Task statement: A verbatim copy is needed of the lines below from the one containing "#ad Shark Savvy: Shark" up to and including the one containing "Oxford First Science Dictionary: 2008", excluding pictures.

Data for this exercise:

━━━━━━━━━━━━━━━━

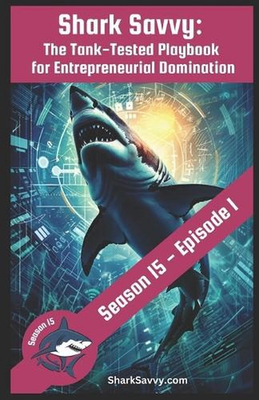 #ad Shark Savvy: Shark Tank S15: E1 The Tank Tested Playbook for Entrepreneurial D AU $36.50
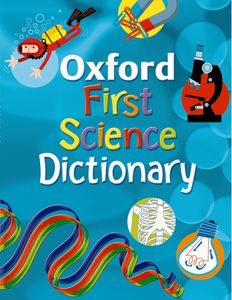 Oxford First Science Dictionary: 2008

━━━━━━━━━━━━━━━━

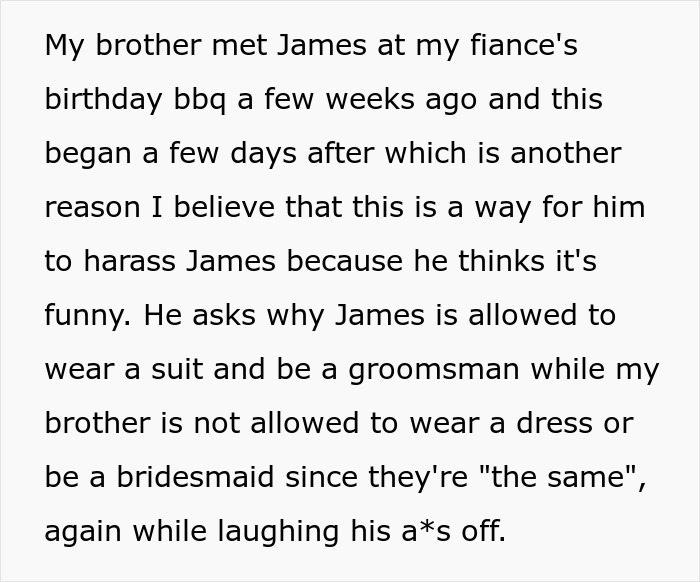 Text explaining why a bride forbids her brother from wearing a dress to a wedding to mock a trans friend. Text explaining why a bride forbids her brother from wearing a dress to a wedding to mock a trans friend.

━━━━━━━━━━━━━━━━

Answer to the exercise:
 #ad Shark Savvy: Shark Tank S15: E1 The Tank Tested Playbook for Entrepreneurial D AU $36.50
 Oxford First Science Dictionary: 2008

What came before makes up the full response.